What to work on
Repeat the listing that follows, character for character, minus the pictures.
[Task material]
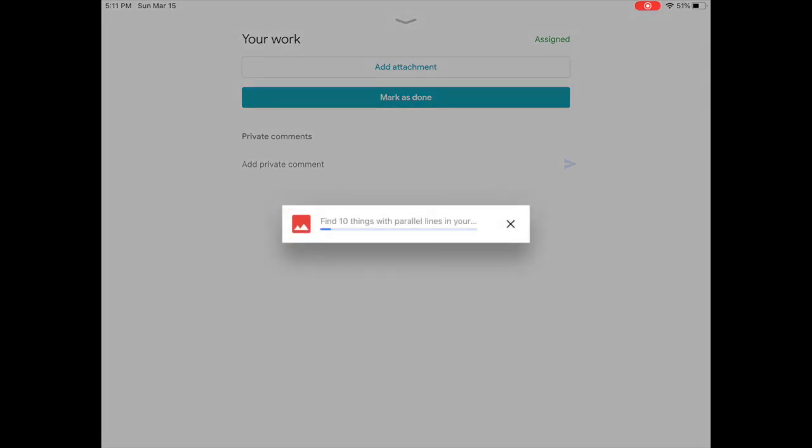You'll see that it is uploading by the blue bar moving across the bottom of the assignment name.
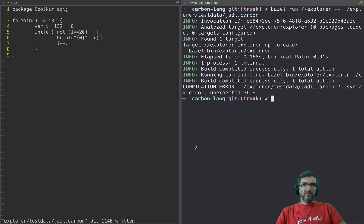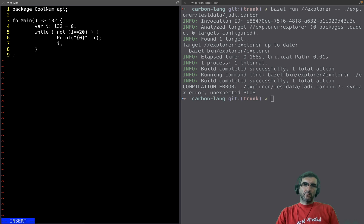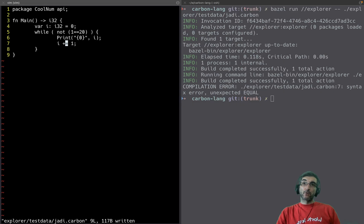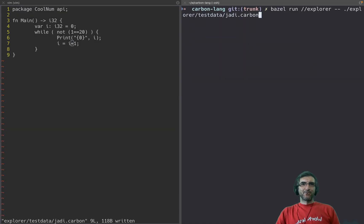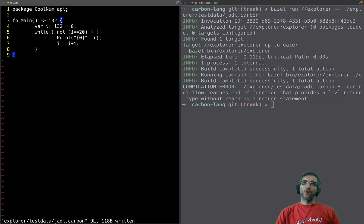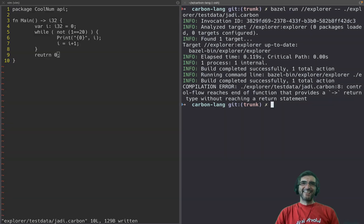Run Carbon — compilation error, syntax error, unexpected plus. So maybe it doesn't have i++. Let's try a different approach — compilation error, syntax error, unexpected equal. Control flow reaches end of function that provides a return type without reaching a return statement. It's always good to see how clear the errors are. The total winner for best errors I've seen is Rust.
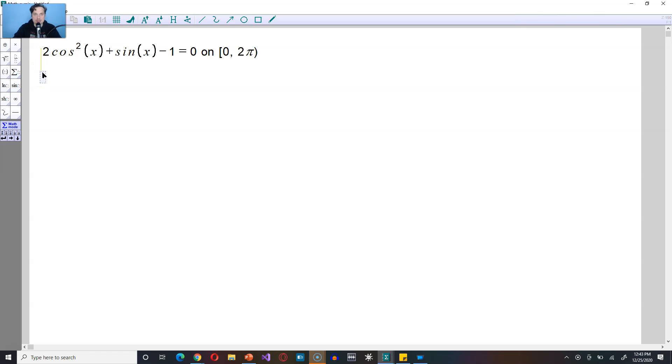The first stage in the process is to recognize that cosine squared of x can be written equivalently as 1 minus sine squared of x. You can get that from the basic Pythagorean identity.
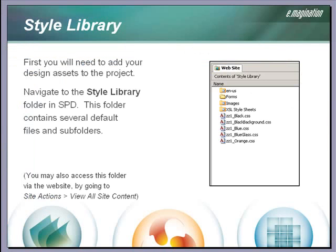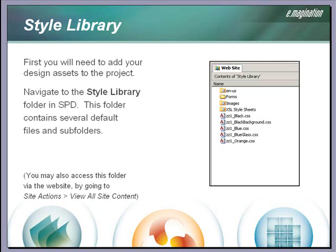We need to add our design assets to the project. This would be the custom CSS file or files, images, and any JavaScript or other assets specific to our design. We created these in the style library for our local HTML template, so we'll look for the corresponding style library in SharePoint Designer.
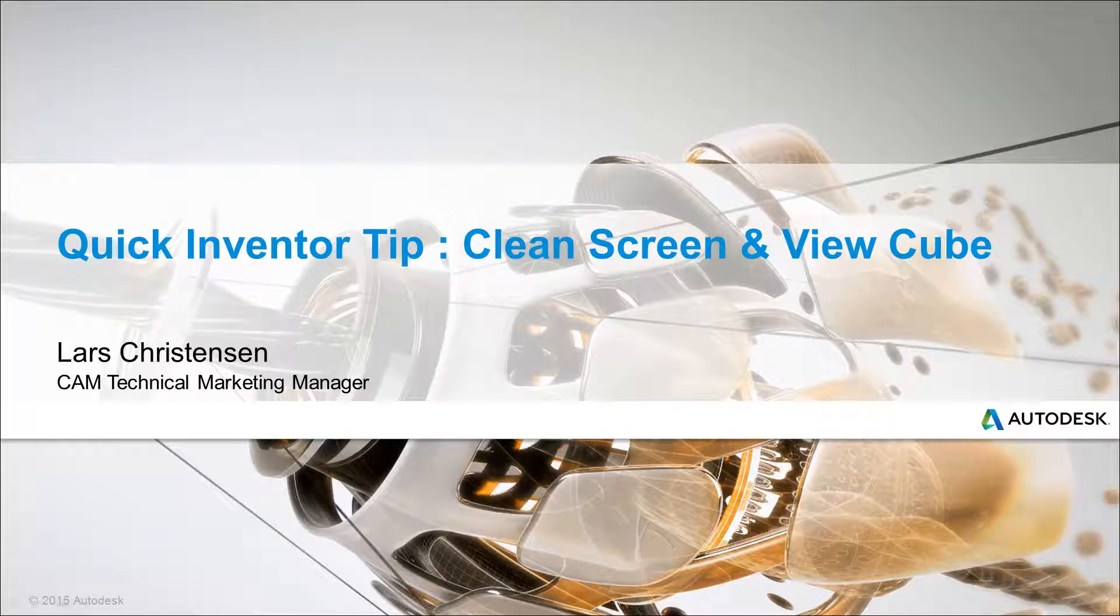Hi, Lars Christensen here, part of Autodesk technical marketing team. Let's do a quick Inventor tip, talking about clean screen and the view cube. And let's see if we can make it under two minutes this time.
[/Task material]
Problem solution
You'll see that it is uploading by the blue bar moving across the bottom of the assignment name.
Run Carbon — compilation error, syntax error, unexpected plus. So maybe it doesn't have i++. Let's try a different approach — compilation error, syntax error, unexpected equal. Control flow reaches end of function that provides a return type without reaching a return statement. It's always good to see how clear the errors are. The total winner for best errors I've seen is Rust.
The first stage in the process is to recognize that cosine squared of x can be written equivalently as 1 minus sine squared of x. You can get that from the basic Pythagorean identity.
We need to add our design assets to the project. This would be the custom CSS file or files, images, and any JavaScript or other assets specific to our design. We created these in the style library for our local HTML template, so we'll look for the corresponding style library in SharePoint Designer.
Hi, Lars Christensen here, part of Autodesk technical marketing team. Let's do a quick Inventor tip, talking about clean screen and the view cube. And let's see if we can make it under two minutes this time.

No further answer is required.